MCA § 27-19-201.  When preliminary injunction may be granted. An injunction order may be granted in the following cases:

(4)  when it appears that the adverse party, during the pendency of the action, threatens or is about to remove or to dispose of the adverse party's property with intent to defraud the applicant, an injunction order may be granted to restrain the removal or disposition;

This Court is bound to ensure justice is served and that no party may take advantage of another through fraud. Fraud, deceit, procedural manipulation, and acute regulatory failure have prevented due process and a full and fair contest of the facts of this case.

 

“[T]he law favors discovery and correction of corruption of the judicial process even more than it requires an end to lawsuits.”
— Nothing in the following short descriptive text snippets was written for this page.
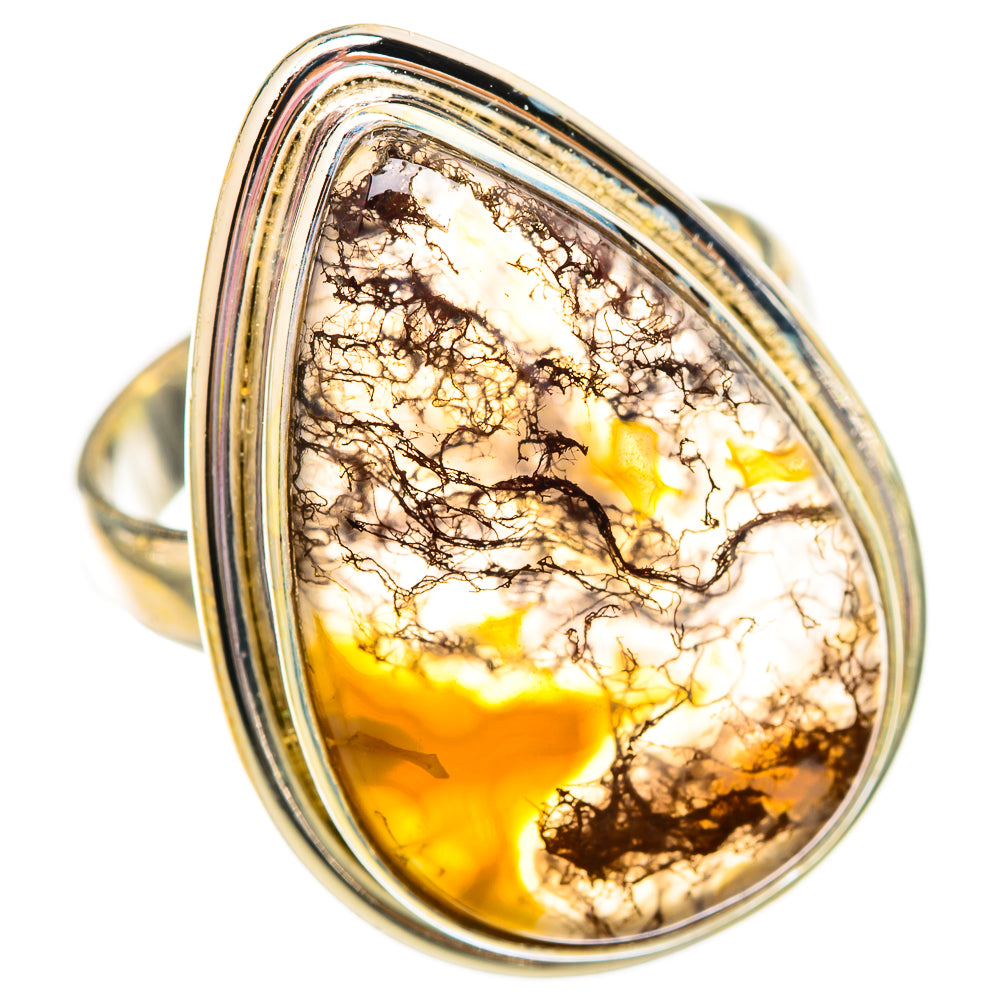 Moss Agate Rings handcrafted by Ana Silver Co - RING115681 - Photo 2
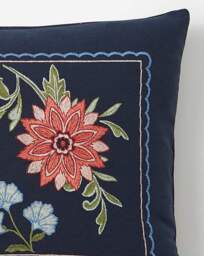Astrid Vintage Embroidered Cushion Navy - JD Williams - Size: 30X50 - thumbnail 4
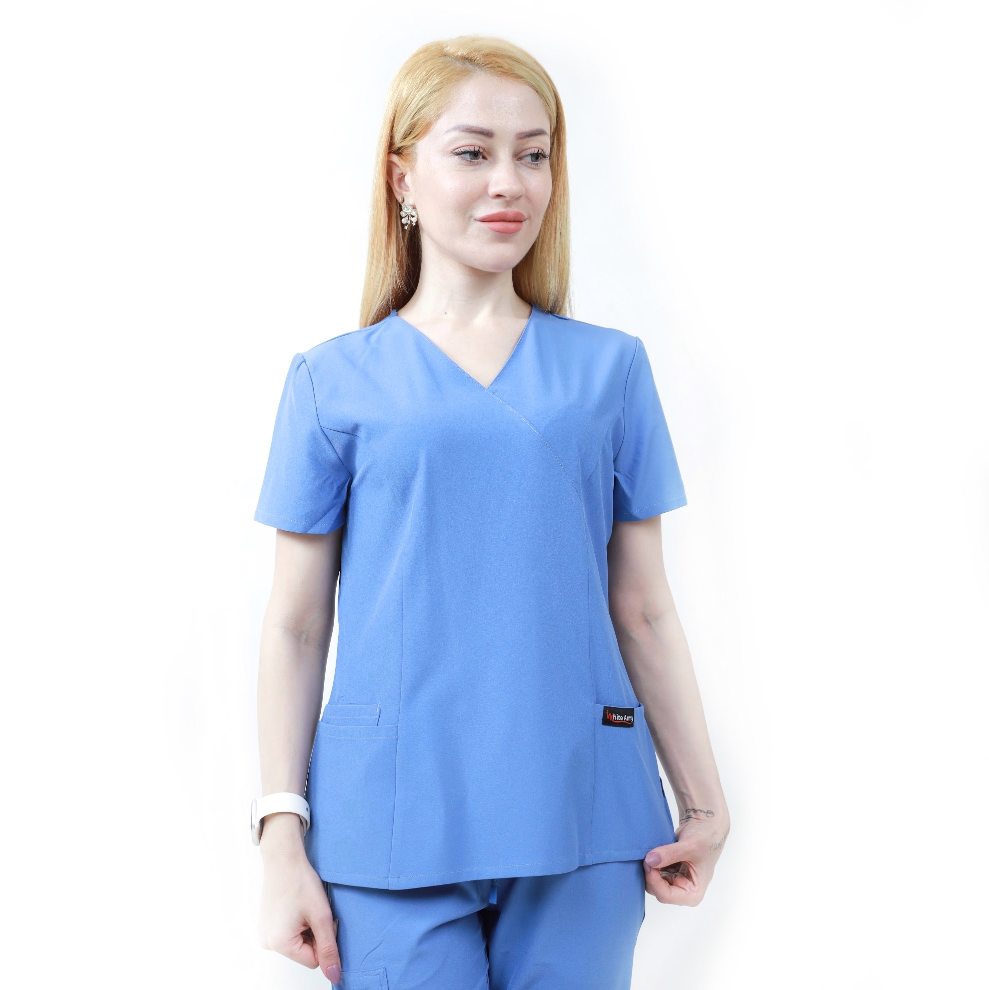 Dynamic Women Scrub Top - WHITE ARMY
Lockwood v. Bowles, 46 F.R.D. 625, 634 (D.D.C. 1969)

 

“(N.Y.) Execution will be stayed by order of court to prevent fraud or great injustice, either perpetually or for a definite time” Lansing v. Orcott, 16 Johns. 4.

 

The recent appearance of Kenneth K. Lay claiming the Plaintiff is Wells Fargo, coupled with the letter of instruction from Hillary R. McCormack to the Lewis and Clark County Sheriff’s Office claiming this lawsuit is “Wells Fargo v. Nickerson” (see Brief in Support of Motion to Set Aside Judgment and Summary Judgment Order, and the Affidavit of Nick Nickerson in Support of Motions for proof of fraud and deceit practiced by opposing counsels) is reason enough that any reasonable person would see the necessity of granting an injunction postponing the sale.
Kenneth Lay cited,

 

“The allowance of a preliminary injunction is vested in the sound discretion of this Court, which has a “duty to minimize the injury or damage to all parties in the controversy.” Porter, 192 Mont. at 181-182, 627 P.2d at 839.

 

The requested injunction will minimize damage to both parties as explained throughout this reply brief, and in consideration of the facts this Court denied our Motion to Amend Answer, Counterclaim, And Demand For Jury Trial 174 days after it was deemed admitted, this Court refused to require Wells Fargo to comply with a subpoena, and HSBC and Wells Fargo have violated at a minimum M.R.Civ.P. 5.2 Privacy Protection for Filings Made With the Court; M.R.Civ.P. 7.1, M.R.Civ.P. 17(a), MCA § 25-9-205, MCA § 28-1-201, MCA § 28-1-211, MCA § 28-1-403, MCA § 28-1-1301, MCA § 30-14-103, MCA § 30-1-201. General Definitions(2)(v) ”Holder”(i); MCA § 32-9-170, MCA § 37-61-406, MCA § 45-6-325, MCA § 71-1-224, Montana Penal Code, Part I, Title VII, Chapter 4, Section 232; and 15 U.S.C. § 1641(g) among many others, it would be in the best interest of all parties to grant this injunction. No right to action can arise from an illegal act.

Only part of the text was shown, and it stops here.